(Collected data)
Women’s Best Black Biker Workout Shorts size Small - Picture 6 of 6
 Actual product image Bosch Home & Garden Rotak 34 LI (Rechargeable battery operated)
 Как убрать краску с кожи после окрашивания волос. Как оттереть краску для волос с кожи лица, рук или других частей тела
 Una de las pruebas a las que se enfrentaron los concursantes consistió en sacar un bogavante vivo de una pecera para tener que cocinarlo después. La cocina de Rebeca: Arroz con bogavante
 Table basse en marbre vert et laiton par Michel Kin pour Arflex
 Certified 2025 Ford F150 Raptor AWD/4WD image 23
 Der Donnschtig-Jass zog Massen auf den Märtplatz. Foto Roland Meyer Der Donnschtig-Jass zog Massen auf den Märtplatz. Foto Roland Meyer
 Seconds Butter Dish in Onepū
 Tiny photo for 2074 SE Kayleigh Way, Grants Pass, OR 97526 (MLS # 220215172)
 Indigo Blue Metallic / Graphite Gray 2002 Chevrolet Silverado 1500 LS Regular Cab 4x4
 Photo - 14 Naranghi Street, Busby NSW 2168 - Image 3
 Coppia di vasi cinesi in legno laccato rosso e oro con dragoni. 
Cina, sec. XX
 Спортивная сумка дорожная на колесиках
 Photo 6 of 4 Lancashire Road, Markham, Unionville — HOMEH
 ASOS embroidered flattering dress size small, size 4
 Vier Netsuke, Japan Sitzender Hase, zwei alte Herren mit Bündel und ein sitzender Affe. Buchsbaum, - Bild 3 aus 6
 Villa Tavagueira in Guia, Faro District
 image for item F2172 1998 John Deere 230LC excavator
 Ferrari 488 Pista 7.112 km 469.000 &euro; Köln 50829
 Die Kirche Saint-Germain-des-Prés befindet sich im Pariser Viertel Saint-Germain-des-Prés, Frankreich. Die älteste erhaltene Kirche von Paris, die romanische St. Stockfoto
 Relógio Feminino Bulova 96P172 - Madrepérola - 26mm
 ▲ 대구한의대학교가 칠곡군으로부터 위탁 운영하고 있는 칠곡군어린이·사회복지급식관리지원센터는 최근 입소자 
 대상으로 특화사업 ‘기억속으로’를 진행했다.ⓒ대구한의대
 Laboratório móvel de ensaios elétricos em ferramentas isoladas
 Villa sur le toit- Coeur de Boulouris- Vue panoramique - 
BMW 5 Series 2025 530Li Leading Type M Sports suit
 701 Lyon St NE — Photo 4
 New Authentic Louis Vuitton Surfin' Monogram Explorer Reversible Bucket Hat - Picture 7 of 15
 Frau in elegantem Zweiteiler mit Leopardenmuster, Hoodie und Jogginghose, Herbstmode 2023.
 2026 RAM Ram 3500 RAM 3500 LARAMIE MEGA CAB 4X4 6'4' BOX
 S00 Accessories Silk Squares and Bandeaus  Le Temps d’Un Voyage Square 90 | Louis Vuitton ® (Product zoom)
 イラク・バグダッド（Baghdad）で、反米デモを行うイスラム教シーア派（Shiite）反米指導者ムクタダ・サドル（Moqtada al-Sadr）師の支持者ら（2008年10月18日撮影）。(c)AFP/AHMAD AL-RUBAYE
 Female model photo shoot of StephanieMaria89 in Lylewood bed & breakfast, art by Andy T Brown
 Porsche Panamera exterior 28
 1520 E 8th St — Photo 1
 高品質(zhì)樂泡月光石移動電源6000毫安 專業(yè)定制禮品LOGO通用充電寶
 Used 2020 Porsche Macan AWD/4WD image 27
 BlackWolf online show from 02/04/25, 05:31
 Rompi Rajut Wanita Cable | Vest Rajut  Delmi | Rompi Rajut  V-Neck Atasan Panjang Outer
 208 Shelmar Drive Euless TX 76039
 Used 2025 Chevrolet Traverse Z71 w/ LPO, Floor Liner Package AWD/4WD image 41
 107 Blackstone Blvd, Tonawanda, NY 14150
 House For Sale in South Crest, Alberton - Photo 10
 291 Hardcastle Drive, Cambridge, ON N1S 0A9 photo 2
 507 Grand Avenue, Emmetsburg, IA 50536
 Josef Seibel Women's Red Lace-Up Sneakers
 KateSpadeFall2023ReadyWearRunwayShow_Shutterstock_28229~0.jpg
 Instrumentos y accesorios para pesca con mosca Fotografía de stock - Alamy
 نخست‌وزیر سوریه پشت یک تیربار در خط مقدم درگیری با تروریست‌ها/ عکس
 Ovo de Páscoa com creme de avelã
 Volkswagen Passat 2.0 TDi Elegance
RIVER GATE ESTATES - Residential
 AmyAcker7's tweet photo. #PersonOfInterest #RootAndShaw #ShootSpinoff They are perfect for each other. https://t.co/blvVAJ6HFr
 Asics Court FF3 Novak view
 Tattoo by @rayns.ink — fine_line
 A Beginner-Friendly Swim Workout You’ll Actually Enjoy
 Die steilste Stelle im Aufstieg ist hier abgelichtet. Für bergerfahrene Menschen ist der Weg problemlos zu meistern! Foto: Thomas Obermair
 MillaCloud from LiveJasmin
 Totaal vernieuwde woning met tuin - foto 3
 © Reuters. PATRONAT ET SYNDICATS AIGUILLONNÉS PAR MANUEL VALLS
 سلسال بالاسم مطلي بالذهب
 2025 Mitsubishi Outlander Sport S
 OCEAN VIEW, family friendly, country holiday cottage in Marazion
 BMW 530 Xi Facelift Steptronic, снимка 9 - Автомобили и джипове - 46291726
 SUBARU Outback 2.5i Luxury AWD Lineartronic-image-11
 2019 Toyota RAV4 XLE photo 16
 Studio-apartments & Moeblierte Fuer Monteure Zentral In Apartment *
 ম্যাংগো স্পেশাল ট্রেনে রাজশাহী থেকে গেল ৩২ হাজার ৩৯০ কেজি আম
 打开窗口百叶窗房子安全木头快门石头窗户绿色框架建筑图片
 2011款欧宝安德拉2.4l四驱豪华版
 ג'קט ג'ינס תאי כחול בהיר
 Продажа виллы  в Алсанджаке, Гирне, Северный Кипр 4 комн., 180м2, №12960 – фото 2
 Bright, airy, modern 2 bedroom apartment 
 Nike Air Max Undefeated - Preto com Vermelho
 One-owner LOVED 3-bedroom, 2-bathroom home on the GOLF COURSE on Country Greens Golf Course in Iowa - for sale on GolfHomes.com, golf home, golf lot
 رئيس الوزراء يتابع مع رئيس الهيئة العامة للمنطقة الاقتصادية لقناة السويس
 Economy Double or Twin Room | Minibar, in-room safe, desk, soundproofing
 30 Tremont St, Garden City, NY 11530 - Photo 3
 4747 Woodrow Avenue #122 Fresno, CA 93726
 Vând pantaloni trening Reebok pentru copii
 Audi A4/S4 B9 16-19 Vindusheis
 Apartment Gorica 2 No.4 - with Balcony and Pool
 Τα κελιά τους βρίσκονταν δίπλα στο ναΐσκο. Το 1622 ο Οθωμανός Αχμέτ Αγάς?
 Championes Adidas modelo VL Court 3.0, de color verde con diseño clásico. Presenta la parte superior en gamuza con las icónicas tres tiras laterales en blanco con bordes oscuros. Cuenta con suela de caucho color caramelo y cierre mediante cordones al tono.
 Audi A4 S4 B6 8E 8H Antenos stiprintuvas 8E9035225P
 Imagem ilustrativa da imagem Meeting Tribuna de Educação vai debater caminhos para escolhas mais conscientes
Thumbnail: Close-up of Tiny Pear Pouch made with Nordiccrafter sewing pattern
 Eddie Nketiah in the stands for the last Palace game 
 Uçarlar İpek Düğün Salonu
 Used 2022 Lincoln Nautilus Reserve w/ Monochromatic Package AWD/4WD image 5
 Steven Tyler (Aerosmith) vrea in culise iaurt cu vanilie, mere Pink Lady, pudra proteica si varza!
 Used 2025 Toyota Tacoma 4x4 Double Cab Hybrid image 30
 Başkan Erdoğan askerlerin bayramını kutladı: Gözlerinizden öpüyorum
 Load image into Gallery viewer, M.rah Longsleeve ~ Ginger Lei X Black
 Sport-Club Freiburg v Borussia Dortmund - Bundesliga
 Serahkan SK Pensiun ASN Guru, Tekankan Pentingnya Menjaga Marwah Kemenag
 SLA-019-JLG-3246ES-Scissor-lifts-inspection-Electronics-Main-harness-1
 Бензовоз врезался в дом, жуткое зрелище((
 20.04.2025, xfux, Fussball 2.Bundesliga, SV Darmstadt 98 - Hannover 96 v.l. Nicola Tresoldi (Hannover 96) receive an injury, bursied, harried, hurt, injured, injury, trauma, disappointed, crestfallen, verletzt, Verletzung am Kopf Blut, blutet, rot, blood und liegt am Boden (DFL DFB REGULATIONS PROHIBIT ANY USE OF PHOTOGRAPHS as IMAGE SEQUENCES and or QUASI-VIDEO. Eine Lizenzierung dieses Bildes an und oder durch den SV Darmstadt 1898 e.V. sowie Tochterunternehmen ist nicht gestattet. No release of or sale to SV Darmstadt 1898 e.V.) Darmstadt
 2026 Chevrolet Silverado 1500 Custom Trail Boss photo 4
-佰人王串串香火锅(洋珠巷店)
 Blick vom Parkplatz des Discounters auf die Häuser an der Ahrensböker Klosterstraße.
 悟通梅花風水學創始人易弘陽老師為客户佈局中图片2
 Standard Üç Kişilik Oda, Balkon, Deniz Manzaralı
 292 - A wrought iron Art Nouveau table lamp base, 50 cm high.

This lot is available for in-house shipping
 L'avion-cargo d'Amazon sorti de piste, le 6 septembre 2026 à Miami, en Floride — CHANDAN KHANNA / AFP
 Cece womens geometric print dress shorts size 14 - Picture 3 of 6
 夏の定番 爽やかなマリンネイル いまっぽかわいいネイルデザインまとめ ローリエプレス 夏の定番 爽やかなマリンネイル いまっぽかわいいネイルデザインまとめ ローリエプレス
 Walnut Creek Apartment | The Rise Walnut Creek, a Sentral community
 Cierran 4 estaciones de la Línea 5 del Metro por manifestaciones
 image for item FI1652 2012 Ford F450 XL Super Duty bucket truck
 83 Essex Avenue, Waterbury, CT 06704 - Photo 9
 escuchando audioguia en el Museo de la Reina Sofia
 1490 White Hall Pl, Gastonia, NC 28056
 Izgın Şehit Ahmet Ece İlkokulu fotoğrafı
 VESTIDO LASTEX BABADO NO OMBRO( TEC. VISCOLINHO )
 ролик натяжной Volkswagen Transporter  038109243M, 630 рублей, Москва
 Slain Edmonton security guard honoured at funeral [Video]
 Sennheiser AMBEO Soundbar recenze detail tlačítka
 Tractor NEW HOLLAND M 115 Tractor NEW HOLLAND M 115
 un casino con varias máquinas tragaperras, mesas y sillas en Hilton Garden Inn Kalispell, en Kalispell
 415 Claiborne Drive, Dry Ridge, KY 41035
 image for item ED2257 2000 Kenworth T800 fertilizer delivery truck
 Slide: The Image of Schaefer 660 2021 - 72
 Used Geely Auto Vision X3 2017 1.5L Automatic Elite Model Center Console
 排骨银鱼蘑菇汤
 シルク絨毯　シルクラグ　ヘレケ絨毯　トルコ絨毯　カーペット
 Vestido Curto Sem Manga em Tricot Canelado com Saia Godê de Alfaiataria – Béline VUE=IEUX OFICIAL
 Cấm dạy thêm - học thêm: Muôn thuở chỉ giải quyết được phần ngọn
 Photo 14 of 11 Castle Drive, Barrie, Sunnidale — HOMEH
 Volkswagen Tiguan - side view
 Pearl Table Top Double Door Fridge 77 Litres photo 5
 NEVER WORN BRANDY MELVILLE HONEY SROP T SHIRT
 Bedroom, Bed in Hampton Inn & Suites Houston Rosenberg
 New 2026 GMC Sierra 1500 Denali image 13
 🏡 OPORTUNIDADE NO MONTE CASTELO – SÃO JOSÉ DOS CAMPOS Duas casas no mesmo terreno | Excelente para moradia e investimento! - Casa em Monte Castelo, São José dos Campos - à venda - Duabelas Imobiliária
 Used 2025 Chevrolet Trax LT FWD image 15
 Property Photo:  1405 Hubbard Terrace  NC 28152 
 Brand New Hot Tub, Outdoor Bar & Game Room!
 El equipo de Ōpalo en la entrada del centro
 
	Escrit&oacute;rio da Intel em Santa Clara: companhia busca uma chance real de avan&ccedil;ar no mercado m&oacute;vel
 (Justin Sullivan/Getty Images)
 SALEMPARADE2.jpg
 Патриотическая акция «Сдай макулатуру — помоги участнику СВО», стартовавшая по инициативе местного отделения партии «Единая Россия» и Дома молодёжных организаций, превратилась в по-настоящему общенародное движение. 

- WORK INSTRUCTIONS
Extract from the records above the lines from the one containing "Vând pantaloni trening Reebok pentru copii" to the one containing "Used 2022 Lincoln", both lines included, exactly as they appear and with nothing else.

- THE COMPLETED TASK
 Vând pantaloni trening Reebok pentru copii
 Audi A4/S4 B9 16-19 Vindusheis
 Apartment Gorica 2 No.4 - with Balcony and Pool
 Τα κελιά τους βρίσκονταν δίπλα στο ναΐσκο. Το 1622 ο Οθωμανός Αχμέτ Αγάς?
 Championes Adidas modelo VL Court 3.0, de color verde con diseño clásico. Presenta la parte superior en gamuza con las icónicas tres tiras laterales en blanco con bordes oscuros. Cuenta con suela de caucho color caramelo y cierre mediante cordones al tono.
 Audi A4 S4 B6 8E 8H Antenos stiprintuvas 8E9035225P
 Imagem ilustrativa da imagem Meeting Tribuna de Educação vai debater caminhos para escolhas mais conscientes
Thumbnail: Close-up of Tiny Pear Pouch made with Nordiccrafter sewing pattern
 Eddie Nketiah in the stands for the last Palace game 
 Uçarlar İpek Düğün Salonu
 Used 2022 Lincoln Nautilus Reserve w/ Monochromatic Package AWD/4WD image 5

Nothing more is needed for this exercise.